[Short descriptive text snippets]
*** Block opens ***

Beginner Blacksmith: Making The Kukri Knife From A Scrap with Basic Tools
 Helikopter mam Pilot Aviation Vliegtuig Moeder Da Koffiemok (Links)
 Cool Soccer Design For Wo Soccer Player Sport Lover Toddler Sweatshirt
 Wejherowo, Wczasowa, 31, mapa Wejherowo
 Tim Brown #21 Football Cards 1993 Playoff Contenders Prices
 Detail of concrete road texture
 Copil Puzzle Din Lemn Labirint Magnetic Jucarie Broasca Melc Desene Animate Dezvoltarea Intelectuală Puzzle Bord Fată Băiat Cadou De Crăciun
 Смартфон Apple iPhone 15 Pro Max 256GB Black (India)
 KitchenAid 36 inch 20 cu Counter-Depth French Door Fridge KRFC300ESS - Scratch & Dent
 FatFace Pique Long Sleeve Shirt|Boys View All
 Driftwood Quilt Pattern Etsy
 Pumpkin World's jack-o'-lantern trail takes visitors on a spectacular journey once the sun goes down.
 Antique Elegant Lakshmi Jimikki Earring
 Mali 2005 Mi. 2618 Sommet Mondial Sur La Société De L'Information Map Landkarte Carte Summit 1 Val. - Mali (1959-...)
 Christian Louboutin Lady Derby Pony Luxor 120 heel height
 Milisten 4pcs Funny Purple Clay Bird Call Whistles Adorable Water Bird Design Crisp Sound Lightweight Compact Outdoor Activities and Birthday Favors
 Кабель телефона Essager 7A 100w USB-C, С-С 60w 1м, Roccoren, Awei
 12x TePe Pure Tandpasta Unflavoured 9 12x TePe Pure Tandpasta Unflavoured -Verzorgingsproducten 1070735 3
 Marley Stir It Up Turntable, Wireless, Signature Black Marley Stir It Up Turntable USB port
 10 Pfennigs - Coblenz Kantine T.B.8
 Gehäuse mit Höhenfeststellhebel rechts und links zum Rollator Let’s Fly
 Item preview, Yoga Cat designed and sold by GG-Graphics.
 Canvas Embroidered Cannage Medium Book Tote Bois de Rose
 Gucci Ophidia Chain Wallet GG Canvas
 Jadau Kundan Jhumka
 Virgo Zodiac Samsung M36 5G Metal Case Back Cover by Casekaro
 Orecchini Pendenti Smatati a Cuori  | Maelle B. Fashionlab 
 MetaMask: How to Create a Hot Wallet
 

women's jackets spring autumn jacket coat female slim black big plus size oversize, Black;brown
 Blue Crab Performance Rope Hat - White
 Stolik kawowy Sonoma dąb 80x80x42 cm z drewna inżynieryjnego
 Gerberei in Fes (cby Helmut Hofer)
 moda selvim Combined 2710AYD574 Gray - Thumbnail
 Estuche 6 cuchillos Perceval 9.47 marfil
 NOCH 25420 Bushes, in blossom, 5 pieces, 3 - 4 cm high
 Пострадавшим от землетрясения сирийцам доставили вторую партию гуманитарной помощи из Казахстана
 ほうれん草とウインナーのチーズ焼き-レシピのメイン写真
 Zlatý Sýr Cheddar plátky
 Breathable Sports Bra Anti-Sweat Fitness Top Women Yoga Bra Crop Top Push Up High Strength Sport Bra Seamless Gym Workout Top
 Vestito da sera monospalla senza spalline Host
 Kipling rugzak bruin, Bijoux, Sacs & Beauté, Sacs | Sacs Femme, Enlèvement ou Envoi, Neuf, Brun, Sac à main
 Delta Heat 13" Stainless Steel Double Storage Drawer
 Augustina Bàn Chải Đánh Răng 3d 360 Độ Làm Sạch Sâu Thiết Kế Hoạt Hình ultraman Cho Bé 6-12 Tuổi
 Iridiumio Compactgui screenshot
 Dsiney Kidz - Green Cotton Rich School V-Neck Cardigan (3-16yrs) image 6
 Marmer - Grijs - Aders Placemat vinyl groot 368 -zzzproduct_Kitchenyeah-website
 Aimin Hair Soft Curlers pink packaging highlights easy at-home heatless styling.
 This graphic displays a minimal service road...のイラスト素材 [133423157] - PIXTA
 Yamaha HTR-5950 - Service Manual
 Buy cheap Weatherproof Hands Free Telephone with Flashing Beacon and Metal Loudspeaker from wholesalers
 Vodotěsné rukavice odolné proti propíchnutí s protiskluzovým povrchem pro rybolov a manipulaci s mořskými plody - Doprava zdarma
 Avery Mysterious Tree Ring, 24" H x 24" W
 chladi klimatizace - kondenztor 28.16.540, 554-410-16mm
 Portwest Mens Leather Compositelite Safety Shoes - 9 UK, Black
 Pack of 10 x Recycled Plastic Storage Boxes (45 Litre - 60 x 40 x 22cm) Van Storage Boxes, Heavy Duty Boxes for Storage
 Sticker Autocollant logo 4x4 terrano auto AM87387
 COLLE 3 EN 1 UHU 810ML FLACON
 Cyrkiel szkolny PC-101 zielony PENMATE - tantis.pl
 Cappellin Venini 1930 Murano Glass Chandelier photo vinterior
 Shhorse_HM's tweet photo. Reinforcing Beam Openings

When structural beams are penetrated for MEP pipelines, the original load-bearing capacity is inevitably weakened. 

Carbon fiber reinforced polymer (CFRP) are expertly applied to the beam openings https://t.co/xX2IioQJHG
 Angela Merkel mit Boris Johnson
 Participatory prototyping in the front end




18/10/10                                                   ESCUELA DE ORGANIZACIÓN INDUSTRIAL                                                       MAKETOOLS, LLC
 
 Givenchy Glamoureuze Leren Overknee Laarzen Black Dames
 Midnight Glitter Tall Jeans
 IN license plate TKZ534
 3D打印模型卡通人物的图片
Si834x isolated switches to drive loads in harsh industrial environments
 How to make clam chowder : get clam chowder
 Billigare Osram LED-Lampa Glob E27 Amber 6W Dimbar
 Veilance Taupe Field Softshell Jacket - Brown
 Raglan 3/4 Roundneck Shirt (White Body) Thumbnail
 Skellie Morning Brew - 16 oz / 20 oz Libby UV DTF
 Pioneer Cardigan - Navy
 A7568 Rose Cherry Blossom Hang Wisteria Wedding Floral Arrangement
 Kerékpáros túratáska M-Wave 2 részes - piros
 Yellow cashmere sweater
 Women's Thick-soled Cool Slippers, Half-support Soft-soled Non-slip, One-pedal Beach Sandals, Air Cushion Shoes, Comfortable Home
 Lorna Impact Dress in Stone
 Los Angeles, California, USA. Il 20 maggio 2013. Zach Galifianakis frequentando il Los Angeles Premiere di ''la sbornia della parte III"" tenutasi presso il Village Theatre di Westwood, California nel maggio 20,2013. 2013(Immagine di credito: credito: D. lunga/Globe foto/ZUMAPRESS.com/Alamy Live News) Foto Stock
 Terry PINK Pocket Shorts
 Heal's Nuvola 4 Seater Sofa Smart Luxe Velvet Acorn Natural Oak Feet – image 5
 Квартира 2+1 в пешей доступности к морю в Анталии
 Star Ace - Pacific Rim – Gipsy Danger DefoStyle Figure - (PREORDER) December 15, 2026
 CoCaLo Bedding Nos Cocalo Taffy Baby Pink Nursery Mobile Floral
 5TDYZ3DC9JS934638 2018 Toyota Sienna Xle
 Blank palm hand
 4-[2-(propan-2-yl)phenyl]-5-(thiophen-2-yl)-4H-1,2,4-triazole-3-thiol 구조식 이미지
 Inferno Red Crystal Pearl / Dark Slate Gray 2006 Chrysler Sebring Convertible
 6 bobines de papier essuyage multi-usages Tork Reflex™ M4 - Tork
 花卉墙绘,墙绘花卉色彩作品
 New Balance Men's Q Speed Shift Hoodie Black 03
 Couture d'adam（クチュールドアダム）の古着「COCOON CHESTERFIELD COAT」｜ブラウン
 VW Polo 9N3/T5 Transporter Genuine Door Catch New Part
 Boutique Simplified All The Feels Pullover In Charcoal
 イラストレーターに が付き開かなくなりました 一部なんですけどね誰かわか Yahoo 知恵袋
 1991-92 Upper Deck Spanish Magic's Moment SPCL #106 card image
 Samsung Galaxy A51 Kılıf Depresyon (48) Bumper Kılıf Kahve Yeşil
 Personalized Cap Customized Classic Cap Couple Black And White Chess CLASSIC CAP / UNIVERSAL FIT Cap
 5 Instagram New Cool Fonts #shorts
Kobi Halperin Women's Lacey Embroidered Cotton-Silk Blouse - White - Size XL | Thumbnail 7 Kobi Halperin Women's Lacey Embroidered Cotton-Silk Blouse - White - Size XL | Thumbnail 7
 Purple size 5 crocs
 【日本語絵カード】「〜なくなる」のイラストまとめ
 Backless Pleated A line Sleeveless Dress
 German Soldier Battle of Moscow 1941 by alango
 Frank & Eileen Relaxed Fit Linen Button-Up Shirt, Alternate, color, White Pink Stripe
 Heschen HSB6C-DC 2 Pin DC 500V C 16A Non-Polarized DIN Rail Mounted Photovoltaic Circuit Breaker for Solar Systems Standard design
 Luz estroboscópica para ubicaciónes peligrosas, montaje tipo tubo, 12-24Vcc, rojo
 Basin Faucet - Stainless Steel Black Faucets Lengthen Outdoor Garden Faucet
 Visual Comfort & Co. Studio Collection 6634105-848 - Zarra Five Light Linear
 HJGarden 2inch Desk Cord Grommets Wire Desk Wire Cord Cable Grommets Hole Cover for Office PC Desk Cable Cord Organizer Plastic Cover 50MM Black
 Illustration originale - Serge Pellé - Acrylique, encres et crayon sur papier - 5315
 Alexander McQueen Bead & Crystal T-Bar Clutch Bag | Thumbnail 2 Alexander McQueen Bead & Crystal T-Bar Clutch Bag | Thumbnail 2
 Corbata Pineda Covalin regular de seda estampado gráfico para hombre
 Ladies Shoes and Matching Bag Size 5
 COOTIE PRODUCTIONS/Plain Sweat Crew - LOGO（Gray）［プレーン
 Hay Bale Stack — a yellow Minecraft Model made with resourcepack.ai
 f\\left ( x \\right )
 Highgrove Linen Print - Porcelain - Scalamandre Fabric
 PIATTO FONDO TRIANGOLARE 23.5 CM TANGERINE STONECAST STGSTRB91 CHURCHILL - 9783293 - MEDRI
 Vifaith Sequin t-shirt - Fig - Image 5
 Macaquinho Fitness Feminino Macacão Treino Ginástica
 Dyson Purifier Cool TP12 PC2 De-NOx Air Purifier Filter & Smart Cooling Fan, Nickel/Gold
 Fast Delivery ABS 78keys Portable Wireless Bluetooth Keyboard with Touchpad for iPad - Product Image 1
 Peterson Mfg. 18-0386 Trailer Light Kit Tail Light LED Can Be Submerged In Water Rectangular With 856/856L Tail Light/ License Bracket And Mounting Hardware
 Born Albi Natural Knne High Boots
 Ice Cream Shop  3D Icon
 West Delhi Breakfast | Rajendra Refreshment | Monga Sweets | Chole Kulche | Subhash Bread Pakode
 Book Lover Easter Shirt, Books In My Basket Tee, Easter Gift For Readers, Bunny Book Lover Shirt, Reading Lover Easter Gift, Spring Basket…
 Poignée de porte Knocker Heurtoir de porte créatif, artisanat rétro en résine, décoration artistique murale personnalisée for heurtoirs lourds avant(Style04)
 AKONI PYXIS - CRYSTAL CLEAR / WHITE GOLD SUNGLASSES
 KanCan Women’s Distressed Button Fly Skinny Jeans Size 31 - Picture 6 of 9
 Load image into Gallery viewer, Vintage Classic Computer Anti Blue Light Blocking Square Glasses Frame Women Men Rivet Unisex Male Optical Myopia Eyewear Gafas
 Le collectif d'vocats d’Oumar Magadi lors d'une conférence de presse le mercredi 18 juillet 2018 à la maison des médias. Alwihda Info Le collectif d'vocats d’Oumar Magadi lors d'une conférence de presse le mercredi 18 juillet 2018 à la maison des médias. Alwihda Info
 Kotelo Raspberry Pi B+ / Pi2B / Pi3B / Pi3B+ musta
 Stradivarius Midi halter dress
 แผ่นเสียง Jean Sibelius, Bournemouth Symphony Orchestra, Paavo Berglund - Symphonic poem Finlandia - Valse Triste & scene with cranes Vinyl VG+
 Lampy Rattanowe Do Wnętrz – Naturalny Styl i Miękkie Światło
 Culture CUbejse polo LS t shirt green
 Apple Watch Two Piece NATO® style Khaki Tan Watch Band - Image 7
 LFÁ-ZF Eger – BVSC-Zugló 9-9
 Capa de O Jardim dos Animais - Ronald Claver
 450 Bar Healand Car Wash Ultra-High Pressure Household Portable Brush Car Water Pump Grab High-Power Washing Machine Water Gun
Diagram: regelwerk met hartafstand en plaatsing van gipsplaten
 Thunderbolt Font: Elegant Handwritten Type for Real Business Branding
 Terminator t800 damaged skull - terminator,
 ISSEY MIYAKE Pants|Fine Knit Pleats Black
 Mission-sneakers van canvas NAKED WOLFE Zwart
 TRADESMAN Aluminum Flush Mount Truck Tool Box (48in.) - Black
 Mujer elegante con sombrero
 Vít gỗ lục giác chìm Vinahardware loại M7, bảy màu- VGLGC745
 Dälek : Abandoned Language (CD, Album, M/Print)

*** Block closes ***

Based on the records above, count the lines in which "Cardigan" occurs and provide only the number.

2